Problem details. The expected output is the first line of the data below and every line after it, up to and including the line containing "Interknit Crew Neck", each reproduced exactly.

Dataset entries.
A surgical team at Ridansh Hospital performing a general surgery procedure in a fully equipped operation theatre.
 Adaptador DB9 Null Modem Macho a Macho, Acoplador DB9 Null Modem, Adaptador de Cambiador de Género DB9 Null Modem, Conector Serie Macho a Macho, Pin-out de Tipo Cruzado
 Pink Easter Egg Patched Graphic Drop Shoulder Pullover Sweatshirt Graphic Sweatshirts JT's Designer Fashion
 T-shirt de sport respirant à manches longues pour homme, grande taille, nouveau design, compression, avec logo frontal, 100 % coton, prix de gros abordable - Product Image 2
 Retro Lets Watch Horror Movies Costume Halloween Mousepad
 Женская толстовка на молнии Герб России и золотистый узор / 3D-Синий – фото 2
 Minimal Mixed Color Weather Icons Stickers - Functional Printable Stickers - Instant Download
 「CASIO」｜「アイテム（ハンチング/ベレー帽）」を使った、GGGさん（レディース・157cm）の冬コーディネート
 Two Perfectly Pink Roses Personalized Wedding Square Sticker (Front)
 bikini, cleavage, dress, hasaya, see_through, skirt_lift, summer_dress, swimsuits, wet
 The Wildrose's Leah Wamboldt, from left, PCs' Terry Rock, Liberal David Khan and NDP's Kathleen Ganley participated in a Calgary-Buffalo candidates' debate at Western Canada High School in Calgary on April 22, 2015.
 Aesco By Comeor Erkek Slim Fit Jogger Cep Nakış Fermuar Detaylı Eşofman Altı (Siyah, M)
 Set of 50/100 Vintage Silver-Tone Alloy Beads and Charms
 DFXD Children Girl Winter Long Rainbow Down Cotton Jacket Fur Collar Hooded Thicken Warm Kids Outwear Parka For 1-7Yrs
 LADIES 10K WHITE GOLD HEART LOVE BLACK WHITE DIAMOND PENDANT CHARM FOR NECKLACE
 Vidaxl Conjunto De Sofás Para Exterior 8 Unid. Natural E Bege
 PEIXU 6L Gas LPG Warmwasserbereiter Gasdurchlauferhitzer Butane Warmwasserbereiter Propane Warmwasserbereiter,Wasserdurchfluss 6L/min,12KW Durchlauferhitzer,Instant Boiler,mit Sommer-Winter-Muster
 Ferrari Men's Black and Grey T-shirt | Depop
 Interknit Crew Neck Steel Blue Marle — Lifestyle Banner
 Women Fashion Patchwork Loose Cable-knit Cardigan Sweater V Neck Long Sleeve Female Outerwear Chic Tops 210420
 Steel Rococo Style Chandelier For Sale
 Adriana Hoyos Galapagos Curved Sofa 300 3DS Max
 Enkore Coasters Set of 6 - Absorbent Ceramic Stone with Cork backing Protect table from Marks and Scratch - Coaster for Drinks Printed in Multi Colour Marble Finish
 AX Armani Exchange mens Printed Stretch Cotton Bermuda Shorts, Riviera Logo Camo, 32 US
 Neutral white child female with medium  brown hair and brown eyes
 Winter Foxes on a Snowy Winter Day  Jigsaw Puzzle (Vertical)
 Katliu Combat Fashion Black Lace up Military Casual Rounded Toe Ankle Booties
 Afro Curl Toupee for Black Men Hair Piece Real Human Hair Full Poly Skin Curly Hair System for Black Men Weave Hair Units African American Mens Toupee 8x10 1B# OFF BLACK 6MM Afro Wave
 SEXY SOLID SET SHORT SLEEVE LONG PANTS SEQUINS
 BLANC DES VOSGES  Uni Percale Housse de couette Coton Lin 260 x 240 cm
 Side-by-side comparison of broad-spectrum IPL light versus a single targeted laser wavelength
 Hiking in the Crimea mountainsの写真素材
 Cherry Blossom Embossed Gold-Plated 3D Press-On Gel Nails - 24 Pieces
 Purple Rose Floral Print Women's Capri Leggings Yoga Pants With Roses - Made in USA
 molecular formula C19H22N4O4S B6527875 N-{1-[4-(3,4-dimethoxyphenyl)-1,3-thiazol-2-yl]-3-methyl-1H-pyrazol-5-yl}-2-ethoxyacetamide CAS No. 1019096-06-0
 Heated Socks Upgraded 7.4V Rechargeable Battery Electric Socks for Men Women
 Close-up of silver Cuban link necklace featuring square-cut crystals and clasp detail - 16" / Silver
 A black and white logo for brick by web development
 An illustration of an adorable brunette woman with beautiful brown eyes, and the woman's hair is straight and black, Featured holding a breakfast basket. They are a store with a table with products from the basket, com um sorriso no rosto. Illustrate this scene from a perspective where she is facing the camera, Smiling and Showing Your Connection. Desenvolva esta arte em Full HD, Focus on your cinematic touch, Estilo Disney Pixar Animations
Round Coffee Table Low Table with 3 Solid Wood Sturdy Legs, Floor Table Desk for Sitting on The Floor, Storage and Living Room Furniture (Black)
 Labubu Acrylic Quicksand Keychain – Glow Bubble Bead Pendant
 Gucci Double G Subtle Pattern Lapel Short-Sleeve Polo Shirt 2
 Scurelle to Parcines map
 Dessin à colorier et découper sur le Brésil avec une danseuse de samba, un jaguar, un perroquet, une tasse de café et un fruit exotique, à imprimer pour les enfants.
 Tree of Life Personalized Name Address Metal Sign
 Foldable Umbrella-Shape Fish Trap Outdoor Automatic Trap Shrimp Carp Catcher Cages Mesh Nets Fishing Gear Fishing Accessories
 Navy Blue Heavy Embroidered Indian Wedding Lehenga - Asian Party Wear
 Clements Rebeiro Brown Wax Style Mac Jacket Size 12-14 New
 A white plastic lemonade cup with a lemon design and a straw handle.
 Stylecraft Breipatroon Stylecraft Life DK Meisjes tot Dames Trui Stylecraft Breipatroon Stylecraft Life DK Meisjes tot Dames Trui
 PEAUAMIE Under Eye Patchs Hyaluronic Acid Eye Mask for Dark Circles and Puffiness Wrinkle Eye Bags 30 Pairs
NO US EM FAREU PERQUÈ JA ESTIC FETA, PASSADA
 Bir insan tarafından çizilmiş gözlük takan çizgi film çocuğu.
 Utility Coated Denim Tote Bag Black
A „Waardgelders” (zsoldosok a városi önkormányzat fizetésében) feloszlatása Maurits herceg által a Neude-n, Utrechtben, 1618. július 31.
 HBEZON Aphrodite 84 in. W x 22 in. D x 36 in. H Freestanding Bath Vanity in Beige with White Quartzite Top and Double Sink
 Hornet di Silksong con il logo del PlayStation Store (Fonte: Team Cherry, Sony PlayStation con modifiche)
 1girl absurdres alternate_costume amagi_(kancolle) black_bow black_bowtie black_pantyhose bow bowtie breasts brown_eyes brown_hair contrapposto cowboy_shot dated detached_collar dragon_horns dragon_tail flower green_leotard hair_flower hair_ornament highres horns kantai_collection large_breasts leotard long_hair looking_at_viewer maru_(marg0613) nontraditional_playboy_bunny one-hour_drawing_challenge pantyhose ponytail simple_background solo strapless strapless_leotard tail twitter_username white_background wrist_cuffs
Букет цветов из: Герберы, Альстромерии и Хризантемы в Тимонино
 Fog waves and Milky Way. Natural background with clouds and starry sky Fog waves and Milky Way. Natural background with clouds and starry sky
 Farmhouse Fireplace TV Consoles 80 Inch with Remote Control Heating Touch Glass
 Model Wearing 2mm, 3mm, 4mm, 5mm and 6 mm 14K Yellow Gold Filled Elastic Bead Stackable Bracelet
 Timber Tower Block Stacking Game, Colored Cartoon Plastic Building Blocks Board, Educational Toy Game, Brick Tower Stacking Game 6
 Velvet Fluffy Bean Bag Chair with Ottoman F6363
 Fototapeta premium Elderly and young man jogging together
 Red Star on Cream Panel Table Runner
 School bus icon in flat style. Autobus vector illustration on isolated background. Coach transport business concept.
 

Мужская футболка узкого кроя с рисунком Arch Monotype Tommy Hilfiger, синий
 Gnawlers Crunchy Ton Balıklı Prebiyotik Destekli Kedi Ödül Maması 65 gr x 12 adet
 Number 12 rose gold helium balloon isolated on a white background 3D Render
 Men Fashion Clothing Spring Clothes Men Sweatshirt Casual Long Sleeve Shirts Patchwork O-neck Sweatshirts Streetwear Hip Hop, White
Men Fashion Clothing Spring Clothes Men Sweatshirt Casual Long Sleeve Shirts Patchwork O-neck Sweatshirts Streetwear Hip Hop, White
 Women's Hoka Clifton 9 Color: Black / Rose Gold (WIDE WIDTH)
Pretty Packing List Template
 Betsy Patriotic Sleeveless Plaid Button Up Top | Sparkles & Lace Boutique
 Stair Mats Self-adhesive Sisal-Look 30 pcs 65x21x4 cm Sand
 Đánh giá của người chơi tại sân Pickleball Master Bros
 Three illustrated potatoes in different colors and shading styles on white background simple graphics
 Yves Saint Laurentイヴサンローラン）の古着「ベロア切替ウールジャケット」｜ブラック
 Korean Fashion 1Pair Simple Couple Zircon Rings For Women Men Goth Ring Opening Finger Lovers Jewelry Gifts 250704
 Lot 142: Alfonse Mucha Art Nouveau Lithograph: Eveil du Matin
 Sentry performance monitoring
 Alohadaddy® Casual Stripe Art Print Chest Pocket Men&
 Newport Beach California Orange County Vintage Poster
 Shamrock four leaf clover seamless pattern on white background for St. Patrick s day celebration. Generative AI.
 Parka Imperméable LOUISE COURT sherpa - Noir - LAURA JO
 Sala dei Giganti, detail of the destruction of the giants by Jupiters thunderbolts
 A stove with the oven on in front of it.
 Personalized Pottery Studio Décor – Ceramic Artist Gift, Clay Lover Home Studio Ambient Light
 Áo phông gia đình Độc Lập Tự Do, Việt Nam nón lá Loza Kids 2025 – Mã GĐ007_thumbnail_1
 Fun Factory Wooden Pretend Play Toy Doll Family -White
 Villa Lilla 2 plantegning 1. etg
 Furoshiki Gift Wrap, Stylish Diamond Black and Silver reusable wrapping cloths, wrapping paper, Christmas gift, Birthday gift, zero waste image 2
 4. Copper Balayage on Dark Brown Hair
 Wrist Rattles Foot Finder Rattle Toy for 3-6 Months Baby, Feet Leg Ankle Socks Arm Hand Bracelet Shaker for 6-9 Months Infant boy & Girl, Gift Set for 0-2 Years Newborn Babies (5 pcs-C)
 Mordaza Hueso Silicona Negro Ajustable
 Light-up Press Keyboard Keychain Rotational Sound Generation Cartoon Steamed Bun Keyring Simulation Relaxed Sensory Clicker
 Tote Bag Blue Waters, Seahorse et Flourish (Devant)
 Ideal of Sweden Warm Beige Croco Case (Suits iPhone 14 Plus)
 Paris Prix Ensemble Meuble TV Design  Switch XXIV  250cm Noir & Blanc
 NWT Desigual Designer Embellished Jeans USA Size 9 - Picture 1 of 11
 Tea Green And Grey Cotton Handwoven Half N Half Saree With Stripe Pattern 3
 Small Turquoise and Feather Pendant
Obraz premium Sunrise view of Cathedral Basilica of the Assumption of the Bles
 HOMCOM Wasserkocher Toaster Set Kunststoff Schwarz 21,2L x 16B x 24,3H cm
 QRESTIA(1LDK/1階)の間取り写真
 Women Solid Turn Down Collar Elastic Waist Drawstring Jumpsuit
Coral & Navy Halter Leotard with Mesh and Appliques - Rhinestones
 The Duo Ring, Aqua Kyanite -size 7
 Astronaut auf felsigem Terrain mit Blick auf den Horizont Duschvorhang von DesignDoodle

Answer box.
A surgical team at Ridansh Hospital performing a general surgery procedure in a fully equipped operation theatre.
 Adaptador DB9 Null Modem Macho a Macho, Acoplador DB9 Null Modem, Adaptador de Cambiador de Género DB9 Null Modem, Conector Serie Macho a Macho, Pin-out de Tipo Cruzado
 Pink Easter Egg Patched Graphic Drop Shoulder Pullover Sweatshirt Graphic Sweatshirts JT's Designer Fashion
 T-shirt de sport respirant à manches longues pour homme, grande taille, nouveau design, compression, avec logo frontal, 100 % coton, prix de gros abordable - Product Image 2
 Retro Lets Watch Horror Movies Costume Halloween Mousepad
 Женская толстовка на молнии Герб России и золотистый узор / 3D-Синий – фото 2
 Minimal Mixed Color Weather Icons Stickers - Functional Printable Stickers - Instant Download
 「CASIO」｜「アイテム（ハンチング/ベレー帽）」を使った、GGGさん（レディース・157cm）の冬コーディネート
 Two Perfectly Pink Roses Personalized Wedding Square Sticker (Front)
 bikini, cleavage, dress, hasaya, see_through, skirt_lift, summer_dress, swimsuits, wet
 The Wildrose's Leah Wamboldt, from left, PCs' Terry Rock, Liberal David Khan and NDP's Kathleen Ganley participated in a Calgary-Buffalo candidates' debate at Western Canada High School in Calgary on April 22, 2015.
 Aesco By Comeor Erkek Slim Fit Jogger Cep Nakış Fermuar Detaylı Eşofman Altı (Siyah, M)
 Set of 50/100 Vintage Silver-Tone Alloy Beads and Charms
 DFXD Children Girl Winter Long Rainbow Down Cotton Jacket Fur Collar Hooded Thicken Warm Kids Outwear Parka For 1-7Yrs
 LADIES 10K WHITE GOLD HEART LOVE BLACK WHITE DIAMOND PENDANT CHARM FOR NECKLACE
 Vidaxl Conjunto De Sofás Para Exterior 8 Unid. Natural E Bege
 PEIXU 6L Gas LPG Warmwasserbereiter Gasdurchlauferhitzer Butane Warmwasserbereiter Propane Warmwasserbereiter,Wasserdurchfluss 6L/min,12KW Durchlauferhitzer,Instant Boiler,mit Sommer-Winter-Muster
 Ferrari Men's Black and Grey T-shirt | Depop
 Interknit Crew Neck Steel Blue Marle — Lifestyle Banner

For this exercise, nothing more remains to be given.